How I Plan My Goals


Starts here.

I was asked recently (thanks Erick!) how I manage, plan, and set my goals for the upcoming year and whether I have any systems or applications in place that assist in those elements.

The honest answer is that I don’t have any formal and/or consistent pattern of goal setting that I could tell you is the definitive “John Saddington Model for Goals” as it simply changes every single year and I try different methods constantly.

But the power of goal setting isn’t up for debate – I know of no one who’s been successful (however you may define it) who hasn’t had personal and professional goals and then walked towards them. It almost doesn’t matter how you manage them as long as it works for you.

Now, how does one discover what works for them and what does not? The process of discovery is quite simple:

The process by which you make and achieve your goals can be easily identified by the creation of positive and consistent momentum. In other words, whatever process you use it must constantly create momentum toward those goals. If you are not then your system is most likely broken.

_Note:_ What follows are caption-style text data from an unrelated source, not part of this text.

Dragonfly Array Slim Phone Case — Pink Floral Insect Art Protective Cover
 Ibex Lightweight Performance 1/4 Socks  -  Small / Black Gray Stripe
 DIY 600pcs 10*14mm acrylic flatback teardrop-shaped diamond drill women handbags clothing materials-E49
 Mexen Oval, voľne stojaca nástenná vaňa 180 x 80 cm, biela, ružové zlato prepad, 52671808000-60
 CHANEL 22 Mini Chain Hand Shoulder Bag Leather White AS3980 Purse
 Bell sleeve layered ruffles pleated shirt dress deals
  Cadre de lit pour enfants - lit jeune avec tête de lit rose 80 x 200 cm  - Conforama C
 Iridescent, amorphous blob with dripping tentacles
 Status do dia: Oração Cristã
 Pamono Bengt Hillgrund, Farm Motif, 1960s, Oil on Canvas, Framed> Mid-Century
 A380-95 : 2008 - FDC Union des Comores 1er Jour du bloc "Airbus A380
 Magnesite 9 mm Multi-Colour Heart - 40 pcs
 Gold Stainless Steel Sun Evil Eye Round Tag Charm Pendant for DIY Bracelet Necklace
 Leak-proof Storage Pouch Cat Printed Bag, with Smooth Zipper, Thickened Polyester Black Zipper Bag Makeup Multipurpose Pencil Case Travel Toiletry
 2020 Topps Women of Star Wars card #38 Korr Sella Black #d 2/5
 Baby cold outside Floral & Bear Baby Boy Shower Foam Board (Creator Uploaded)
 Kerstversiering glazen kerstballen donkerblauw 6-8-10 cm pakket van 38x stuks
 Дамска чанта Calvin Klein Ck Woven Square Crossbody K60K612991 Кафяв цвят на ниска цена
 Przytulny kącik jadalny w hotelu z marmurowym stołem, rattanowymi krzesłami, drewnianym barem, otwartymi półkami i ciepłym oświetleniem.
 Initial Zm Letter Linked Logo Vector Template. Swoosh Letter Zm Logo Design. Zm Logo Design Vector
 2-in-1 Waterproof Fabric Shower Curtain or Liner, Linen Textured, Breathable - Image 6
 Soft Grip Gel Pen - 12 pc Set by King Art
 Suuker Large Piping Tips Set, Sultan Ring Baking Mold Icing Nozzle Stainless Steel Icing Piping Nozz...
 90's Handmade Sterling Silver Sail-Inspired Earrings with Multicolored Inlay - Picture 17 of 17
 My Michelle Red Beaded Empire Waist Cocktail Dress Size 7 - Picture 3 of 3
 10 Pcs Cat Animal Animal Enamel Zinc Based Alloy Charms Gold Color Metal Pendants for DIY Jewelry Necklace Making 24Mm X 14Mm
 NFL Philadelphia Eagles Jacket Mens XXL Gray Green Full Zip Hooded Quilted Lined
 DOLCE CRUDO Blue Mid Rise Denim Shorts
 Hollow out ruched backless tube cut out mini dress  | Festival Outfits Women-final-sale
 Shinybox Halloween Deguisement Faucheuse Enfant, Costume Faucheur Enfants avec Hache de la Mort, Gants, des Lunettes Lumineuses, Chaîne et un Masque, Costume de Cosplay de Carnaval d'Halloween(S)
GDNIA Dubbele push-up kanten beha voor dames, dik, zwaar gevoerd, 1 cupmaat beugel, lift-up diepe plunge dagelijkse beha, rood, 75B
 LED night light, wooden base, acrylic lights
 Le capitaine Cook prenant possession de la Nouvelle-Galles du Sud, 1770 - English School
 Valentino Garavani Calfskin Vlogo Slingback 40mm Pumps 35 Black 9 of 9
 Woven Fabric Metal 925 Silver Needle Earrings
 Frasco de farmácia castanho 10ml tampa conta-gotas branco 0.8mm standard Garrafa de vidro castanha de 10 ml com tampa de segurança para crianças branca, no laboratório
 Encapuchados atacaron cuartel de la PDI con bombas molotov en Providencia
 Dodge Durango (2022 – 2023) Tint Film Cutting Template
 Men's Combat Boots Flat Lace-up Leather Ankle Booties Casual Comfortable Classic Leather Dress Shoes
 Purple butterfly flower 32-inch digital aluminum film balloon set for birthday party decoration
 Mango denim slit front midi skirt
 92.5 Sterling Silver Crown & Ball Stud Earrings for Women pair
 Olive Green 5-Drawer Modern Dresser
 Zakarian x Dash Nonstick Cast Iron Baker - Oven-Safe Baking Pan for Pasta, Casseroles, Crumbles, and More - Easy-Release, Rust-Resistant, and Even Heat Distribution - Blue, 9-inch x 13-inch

What system, then, have I used historically? Here are a few patterns that have emerged:

  1. Write it Down – I’ve spoken about this a few times and most of us know that there’s power in simply manifesting an idea locked in your brain and bringing it out into the light. Putting it down makes it real. It’s dangerous and it may even scare you, but writing it down is the first part. I start in a notebook, like the one pictured above.
  2. Tell Others – A goal worth achieving is a goal worth telling others about because your goal is freaking awesome, right? If it’s not awesome then you need a bigger goal. Telling others creates accountability, but it’s not enough.
  3. Ask for Help – It’s not enough to tell others (although you should tell lots of people), you need a much smaller group to help you achieve it. Your goal is yours personally but making it happen will most likely take a tribe. The mechanics of this are pretty obvious so I won’t bore you with more detail.
  4. Refine and Review – Any goal you have will most likely need to be reviewed and refined as you walk towards it as there’s very few goals that are perfectly crafted right out of the gate. I review mine constantly because if I don’t I forget them (imagine that) or attempt to create new ones to take their place. I have a nasty habit of creating great goals and then creating more, and more, and more, and more. Does that ever happen to you?

And that’s about it. If you use some neat goal-setting app on your iPhone then fantastic. If you don’t, great. Without the right ingredients you’re sunk and out of luck.

I hope you achieve everything you want to in 2013 – make it a banner year.